Re: Hockey puck SCRs

On Wed, 12 Dec 2007 03:15:03 +0000, KW <n8023299@xxxxxxxxxxxxxxxxx> wrote:

I recently bought a hockey-puck SCR, without realising it needs to be
clamped to a heatsink. I'm trying to decide whether to return it or
whether to build a mount.

The SCR in question is an Internation Rectifier 250PA140, specs pasted at
the end of this topic.

First of all, I haven't managed to find any information about how much
force you need to clamp these things with. I'm assuming 2 metal plates
with 3x6mm bolts should be ample.

Secondly, do I need to apply force or displacement? For example, if I need
to apply exactly 1mm of displacement to the plates of the puck, then the
puck contracts by 0.1mm this might be a disaster, unless there is some
kind of springy contact inside that will take up the slack. Perhaps I
should use some kind of springy bar to apply a constant pressure despite
changes in temperature etc...

Thirdly, I presume that too much force will break the die, and too little
will mean the contact has insufficient area for the device to function
properly? How can I know when I've tightened the clamp the right amount?

Finally, I understand there is meant to be a snubber resistor between the
gate and the cathode. But I get very low resistances of < 0.1 ohm and I
wonder whether this implies it is broken?

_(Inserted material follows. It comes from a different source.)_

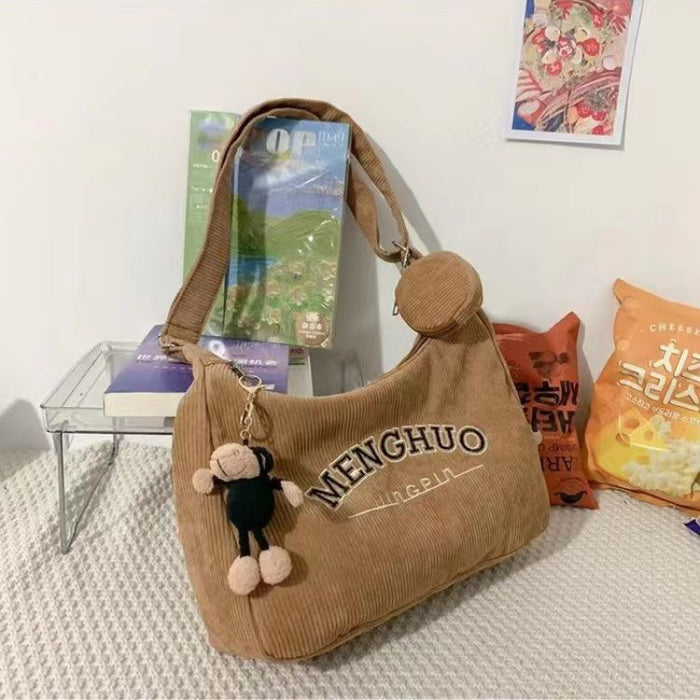 Wholesale Corduroy retro casual all-match messenger bag student class commuter backpack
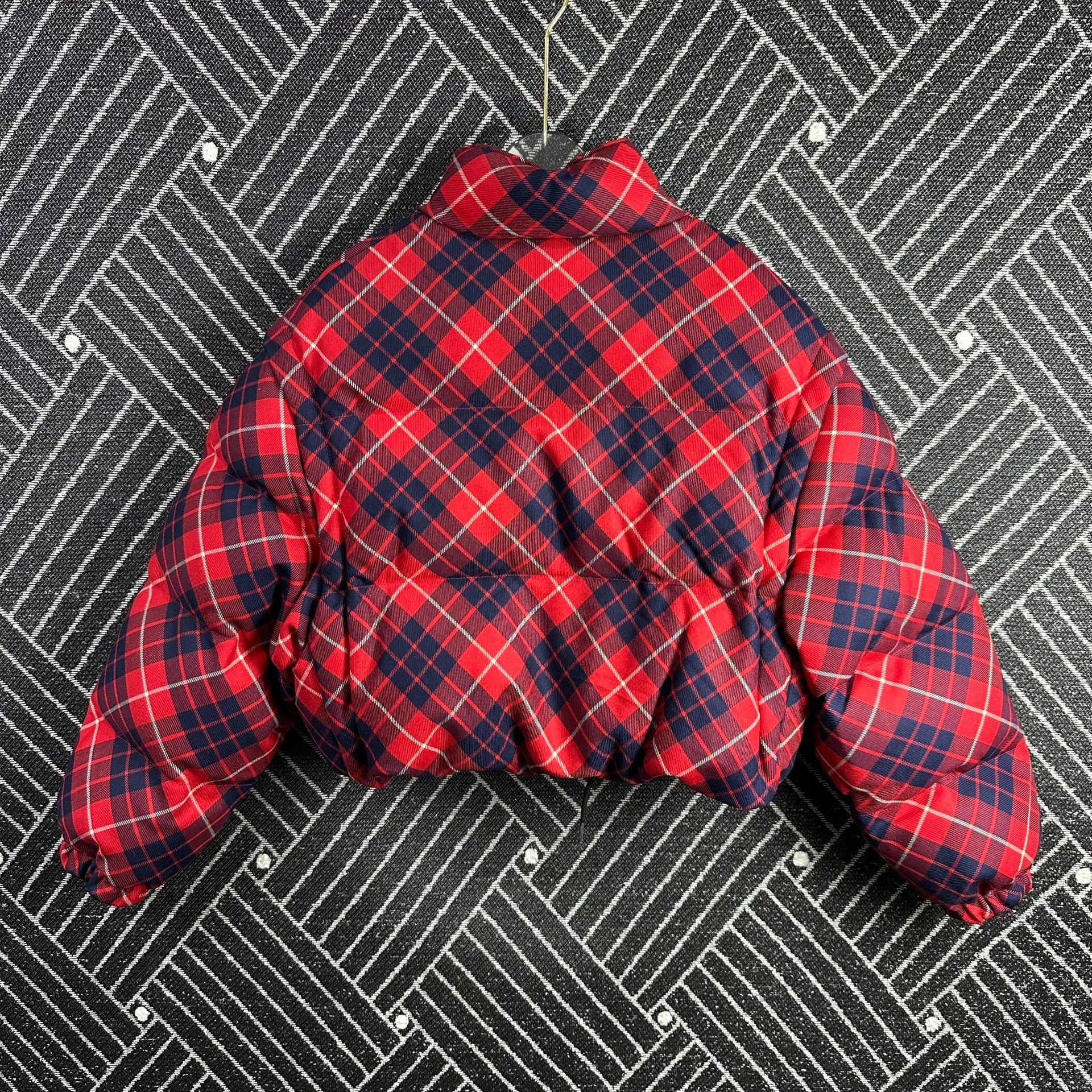Prada Prada Red Blue Plaid Short Down Jacket Size S / US 4 / IT 40 - 2 Thumbnail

If I(GT) Max. is 150m and the parallel resistance is < 0.1 ohms then as I
see it the voltage can't rise high enough to cause the device to trigger -
I'm assuming it needs at least a diode drop.

Thanks in advance for any help.


V(DRM) Max.(V)Rep.Pk.Off Volt.=1.4k
I(T) Max.(A) On-state Current=250?
@Temp. (?C) (Test Condition)=70
I(TSM) Max. (A)=4.2k
I(GT) Max. (A)=150m
V(GT) Max.(V)=2.5
I(H) Max.(A) Holding Current=500m
I(D) Max. (A) Leakage Current=11m
@Temp. (?C) (Test Condition)=125
V(T) Max. (V)=2.3
@I(T) (A) (Test Condition)=250
dv/dt Min. (V/us)=200
t(q) Typ. (s)=60u

My old GE manual specifies 700-900lbs force for their
press pak mounted SCRs. I mounted some where I didn't have
to be concerned about dissipating heat (single pulse operation)
and found an online calculator to determine clamping force resulting
from a given torque on a bolt then used a small torque wrench to
tighten it up. I don't remember the numbers, but it took surprisingly
little torque to get 800lbs clamping force. You might try googling
"presspack" to see what you come up with.

When truth is absent politics will fill the gap.